Let's start with a higher-order idea: we can't efficiently find the best solution for the problem because of two reasons:
- We can't encode all real life considerations into our target function
- Even if we could, the problem will be computationally very hard.
The answer to both of these challenges in the article is to build a number of "good enough" solutions using some very basic target functions (distance) so that people than can decide among them using some other considerations. To make it work we want the solutions to be reasonably close to the best and reasonably versatile. What they do is effectively using "probabilistic greedy algorithm" (I just made up this term now, not sure if there is an official name for that).
The idea is that we want to build each set of best roads by adding one road at a time. In a true greedy algorithm at each step we would add just the shortest road among all roads that connect some new blocks.
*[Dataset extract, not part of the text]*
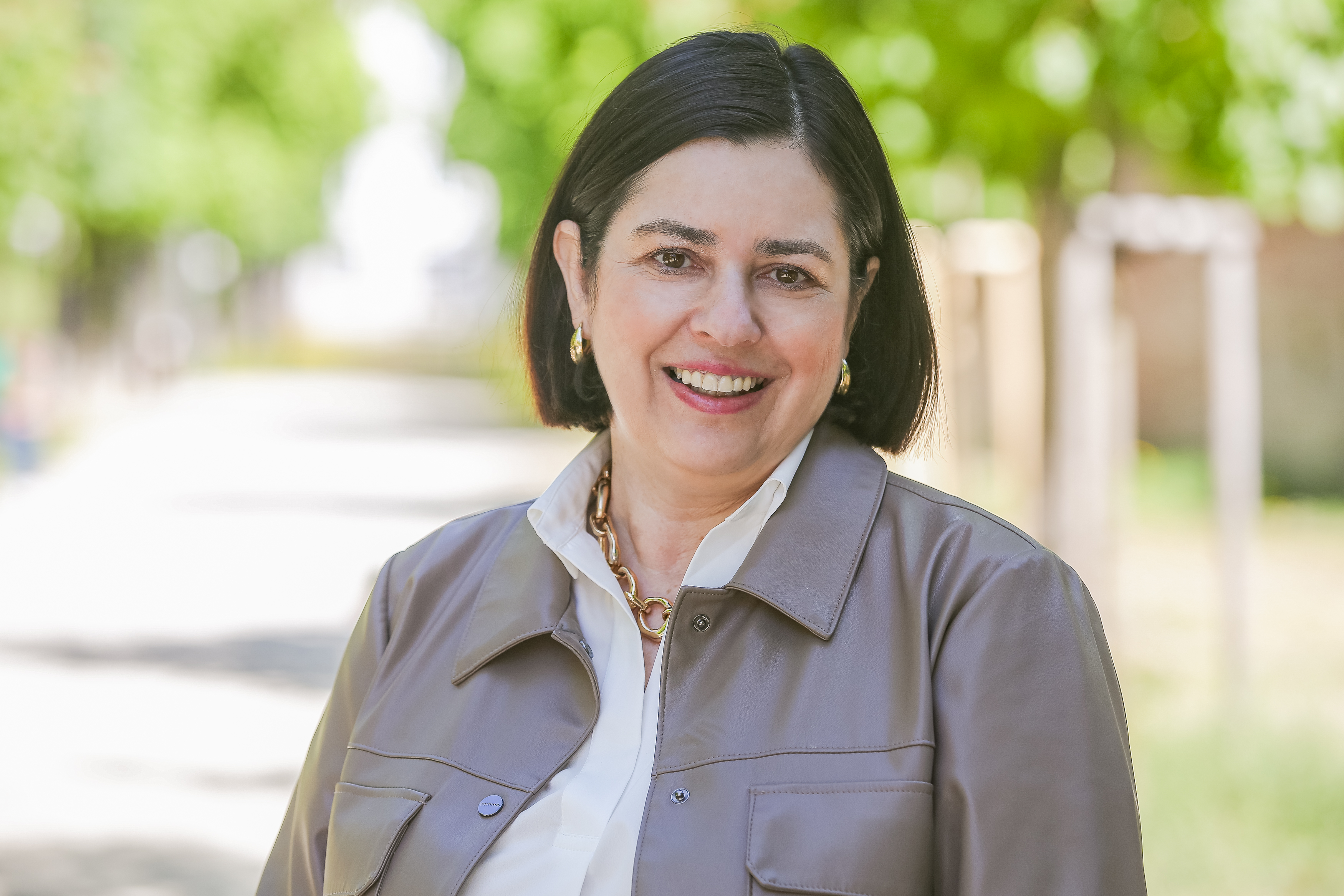 Wiederwahl Constance Schlegl als Physio Austria Präsidentin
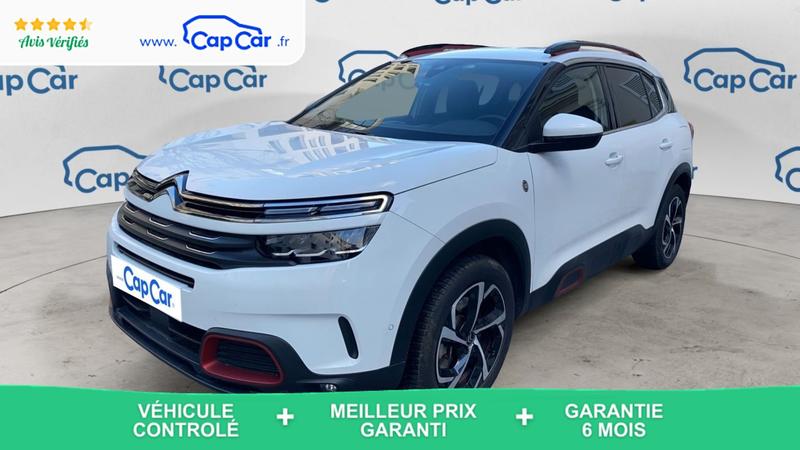 Citroën C5 Aircross 1.6 Thp 225 Hybride e-Eat8 c-Series - Automatique Entretien constructeur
Unfortunately in that way we can get only one solution and also greedy algorithms often work not that well in such a complicated problem (sometimes you need to select a longer road now to win by adding many shorter roads at the end). So what they do instead is:
Generate a set of potentially good candidates for next road: for each not connected yet block generate a few of the shortest roads.
Get a random road from that set of the candidates. But still it is clear that not every candidate is the same and we want to prefer the shorter ones (i.e. pick them more often). To account for that let's add weight to each road that is inversely proportional to its length and then take the weighted average. In practice they use weight Wi = Li^(-n)
for n = 8
. This is a pretty hard filter selecting the shorter paths (if the road is 20% longer it is 4+ times less likely to be picked). So probability of the given road to be taken is
Pi = Wi/Sum(Wj) = Li^(-n)/Sum[Lj^(-n)]
When the road is added you have a new smaller problem so you can repeat all the steps again.